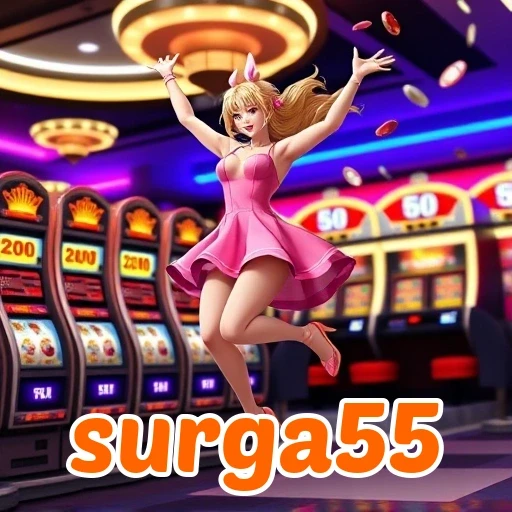 surga55: Forum Diskusi Game Terbaik untuk Pecinta Game Online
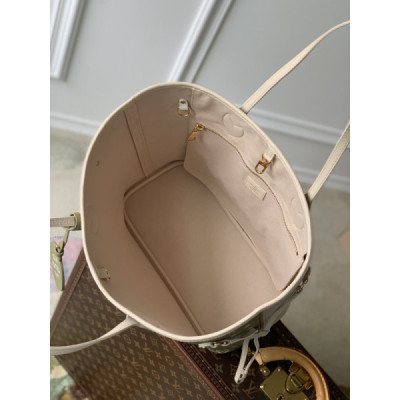 Louis Vuitton Neverfull M46102-32*29*17CM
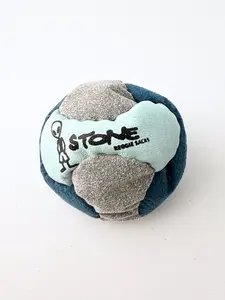 Roswell Sand-Weight Hacky Sack — Hand-Built Footbag for Tricks & Learning
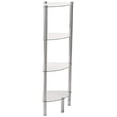 thumbnail image 3 of Home Basics 4-Tier Corner Glass Shelf, 3 of 3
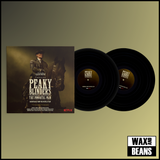 Antony Genn & Martin Slattery - Peaky Blinders: The Immortal Man (Soundtrack from the Netflix Film) (2LP)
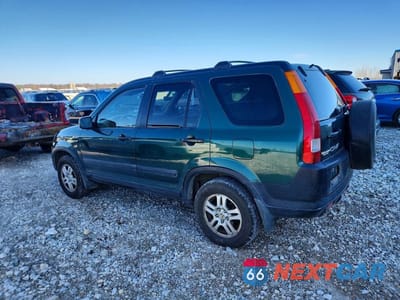 Drugie zdjęcie samochodu z przodu: 2004 HONDA CR-V EX VIN:JHLRD78894C042303 - miniatura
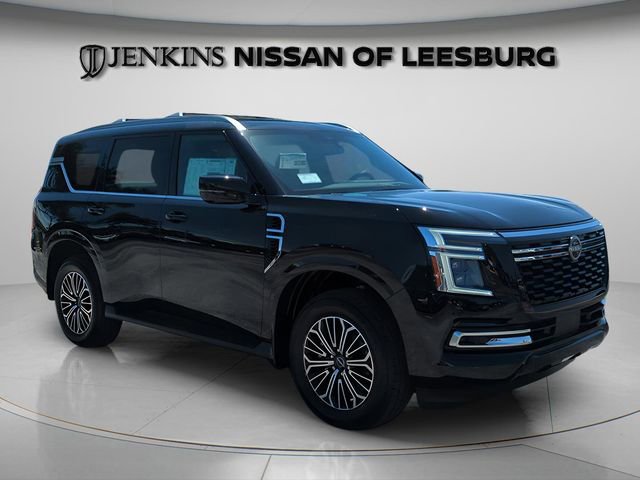 New 2026 Nissan Armada SL image 1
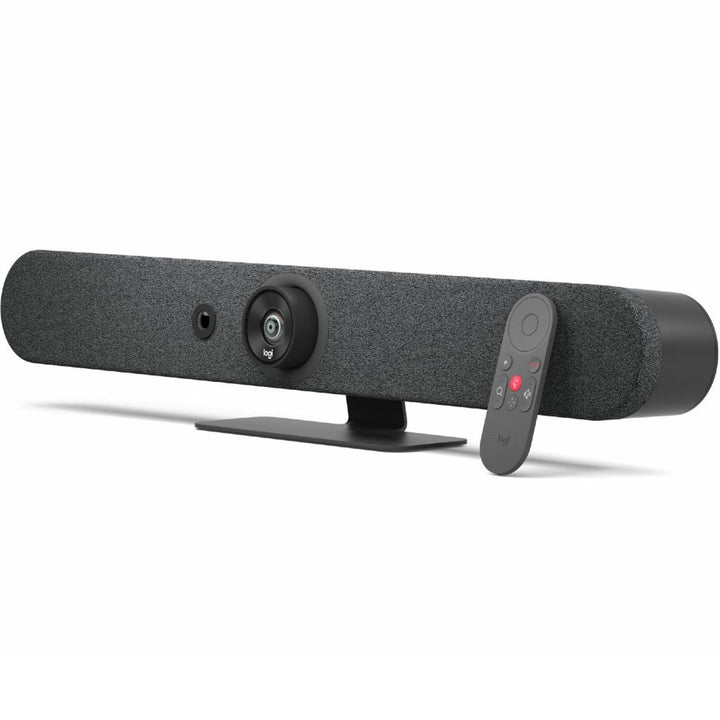 Logitech Rally Bar Mini All - In - One 4K Ultra HD Video Bar Graphite (960 - 001340)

Required action:
The lines wanted run from the one with "Drugie zdjęcie samochodu" through the final line of the data; repeat them word for word and skip every picture.

Exercise response:
 Drugie zdjęcie samochodu z przodu: 2004 HONDA CR-V EX VIN:JHLRD78894C042303 - miniatura
 New 2026 Nissan Armada SL image 1
 Logitech Rally Bar Mini All - In - One 4K Ultra HD Video Bar Graphite (960 - 001340)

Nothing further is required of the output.